James Ponsoldt’s The Spectacular Now practically marches up and announces to you that it’s going to serve a refreshingly multi-dimensional portrayal of teens and their problems. Upon meeting his love interest when he wakes up on her lawn after a drunken blackout, our protagonist Sutter (Miles Teller) asks her, “So, what’s your thing?” “I like to think there’s more about a person than one thing,” replies Amy (Shailene Woodley).

Yes, like the soft-spoken John Hughes-created dramedy heroes that came before them, Sutter and Amy have many things. Many overlapping things, they discover, as they get to know each other over the course of the movie: resentment for their mothers (his is too strict, hers is too self-involved), absentee fathers (his is a deadbeat, hers is dead), a certain apathy for the future. Their relationship becomes somewhat polyamorous: Alcohol rounds out what's essentially a three-way. Sutter, the self-described life of the party who barely can go a scene without sipping from his flask, introduces Amy to booze. She loves it. The Spectacular Now may be a traditional coming-of-age story, but it’s also about the point in life when experimentation with alcohol stops being a cute hallmark of the teenage experience and starts becoming a problem.

The parallels of the main characters' lives, the pronounced motifs, and the bait-and-switch foreshadowing of The Spectacular Now all reminded me of this year’s The Place Beyond the Pines. Both are plot device-fueled houses of cards that would be excruciating in other hands, but ultimately strand strong on the naturalism of their performances. Through Sutter, Teller manages to convey the seductiveness, and lay bare the folly, of a teenage mindset—#YOLO!—that the film warns against.

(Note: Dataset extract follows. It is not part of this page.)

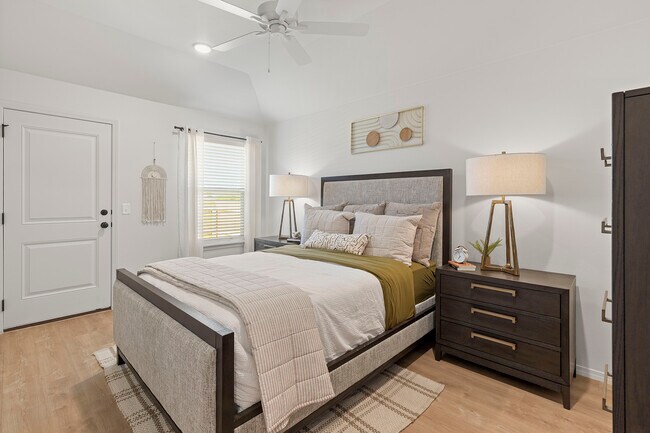 Photo - Chisholm Pointe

Woodley’s even better. We watch Amy blossom from a self-conscious wallflower who can’t even tell when a guy’s hitting on her to a young woman on her way to confidence (the way her awkwardness melts away during the humorous Sutter-Amy sex scene is masterful). She and her sly, introverted grin convey what’s so appealing and endearing about a someone not yet aware of her own beauty, and her development illustrates what’s so satisfying when she finally gets it. Sutter is a premature train wreck of a human being, who has a hard time taking even the film's premise seriously. "Worst case scenario, I’m just giving her the boyfriend experience," is how he explains his association with Amy to a friend of his. Meanwhile, he’s the best thing that happened to her—for all of his talk about living in the moment, it is she who figures out how to make use of it.

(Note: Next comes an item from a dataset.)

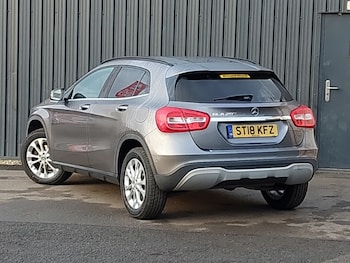 Used Mercedes-Benz GLA 2018 for sale - 77392847: Photo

This movie season has been largely characterized by disappointing blockbuster after disappointing blockbuster. Meanwhile, just below the surface is one of the most enjoyable seasons in recent memory for smaller, character-driven films. Woody Allen’s hilarious-devastating (and back and forth—often within the same scene) Blue Jasmine, Crystal Fairy, The To Do List, and Fruitvale Station are all better ways to spend your time than watching superheroes survive explosions. The Spectacular Now also belongs firmly on that list.